De la Encíclica Miserentissimus Redemptor del Papa Pío XI.


Descuella y merece especial mención la devota consagración con que nos ofrecemos, con todas nuestras cosas, al Corazón divino de Jesús, reconociéndolas como recibidas del amor eterno de Dios. Pero hay que hacer más todavía; nos referimos al deber de tributar al Sacratísimo Corazón de Jesús aquella satisfacción digna que llaman reparación. Porque si lo primero y principal en la consagración es que al amor del Criador responda el amor de la criatura, síguese espontáneamente otro deber: el de compensar las injurias de cualquier modo inferidas al Amor increado, cuando sea desdeñado con el olvido, o ultrajado con la ofensa. Al cual deber llamamos vulgarmente reparación.
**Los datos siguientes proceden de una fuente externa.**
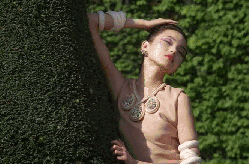 Dior广告 优美 凡尔赛宫系列 秘密花园 美女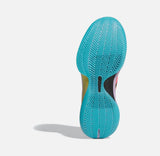 Мъжки баскетболни обувки ADIDAS Adizero Select 2.0 Pink/Purple/Lime JR8281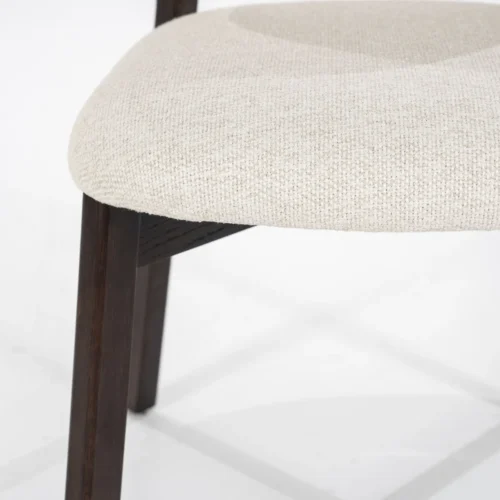 Eetkamerstoel Mikky Bruin - Beige - Afbeelding 10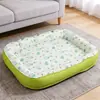 Nueva Alfombrilla Mascota de Moda 2026, Cama para Perros Todas las Estaciones, Alfombrilla Refrigerante de Verano, Cama Lavable para Mascotas Pequeñas y Medianas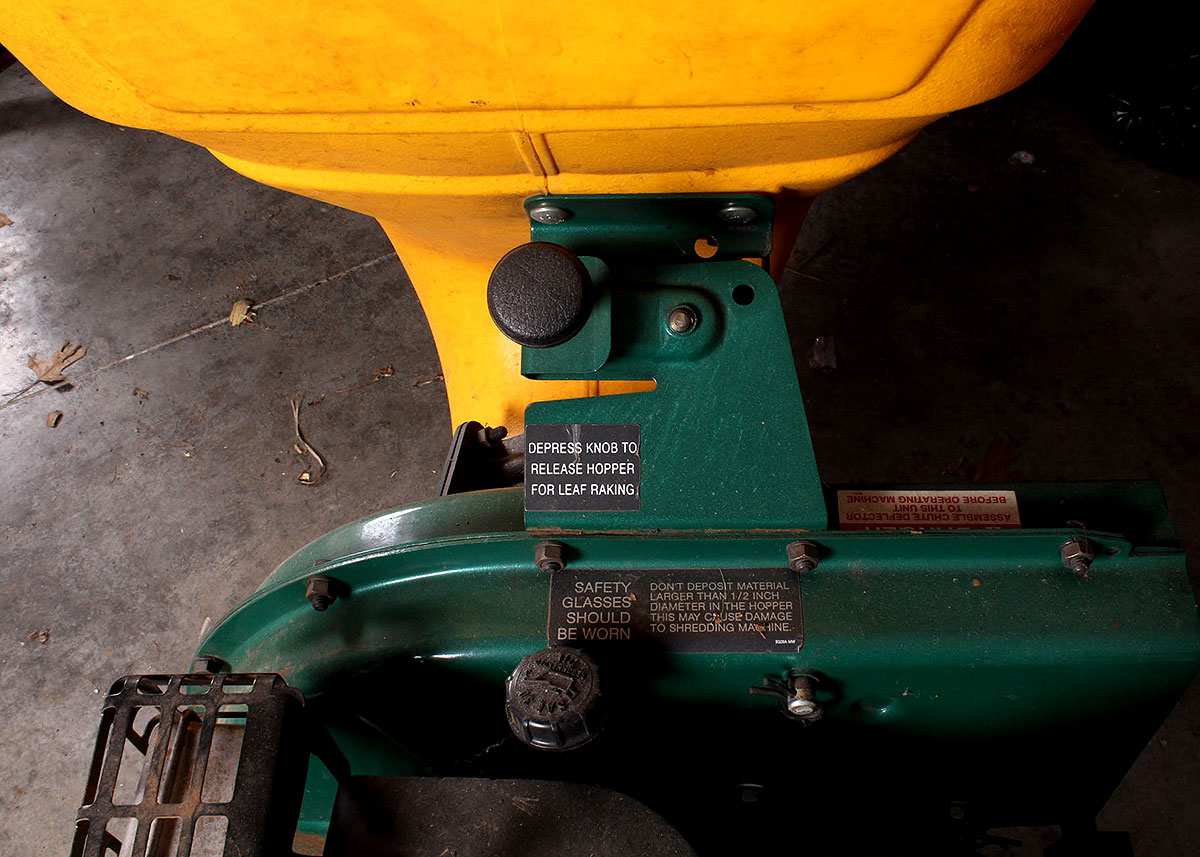 Tecumseh XL Yardman Wood Chipper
Con más apremiante título de justicia y de amor estamos obligados al deber de reparar y expiar: de justicia, para expiar la ofensa hecha a Dios por nuestras culpas y reintegrar el orden violado; de amor, para padecer con Cristo paciente y “saturado de oprobios” y, según nuestra pobreza, ofrecerle algún consuelo. Porque pecadores como somos todos, cargados de muchas culpas, no hemos de contentarnos con honrar a nuestro Dios con sólo aquel culto con que adoramos con los debidos obsequios a Su Majestad Suprema, o reconocemos orando su absoluto dominio, o alabamos con acciones de gracias su largueza infinita; sino que además es necesario satisfacer a Dios, juez justísimo, “por nuestros innumerables pecados, ofensas y negligencias”. A la consagración, pues, por la cual nos ofrecemos a Dios y somos llamados santos de Dios, con aquella santidad y firmeza que, como enseña el Doctor Angélico, son propias de la consagración, ha de añadirse la expiación con que totalmente se extingan los pecados, no sea que la santidad de la divina justicia rechace nuestra indignidad impudente, y repulse nuestra ofrenda como odiosa, en vez de aceptarla como agradable.

Este deber de expiación incumbe a todo el género humano. Después de la caída miserable de Adán, inficionado de la culpa hereditaria, sujeto a las concupiscencias y misérrimamente depravado, debía haber sido arrojado a la ruina sempiterna. Ciertos soberbios filósofos de nuestros tiempos, siguiendo el antiguo error de Pelagio, lo niegan, blasonando de cierta virtud nativa de la naturaleza humana que por sus propias fuerzas continuamente progresa a cosas cada vez más altas; pero estas invenciones del orgullo las rechaza el Apóstol: “éramos por naturaleza hijos de ira”. Ya desde el principio los hombres en cierto modo reconocieron el deber de aquella común expiación y comenzaron a practicarlo, guiados de cierto natural sentido, aplacando a Dios con sacrificios, aun públicos.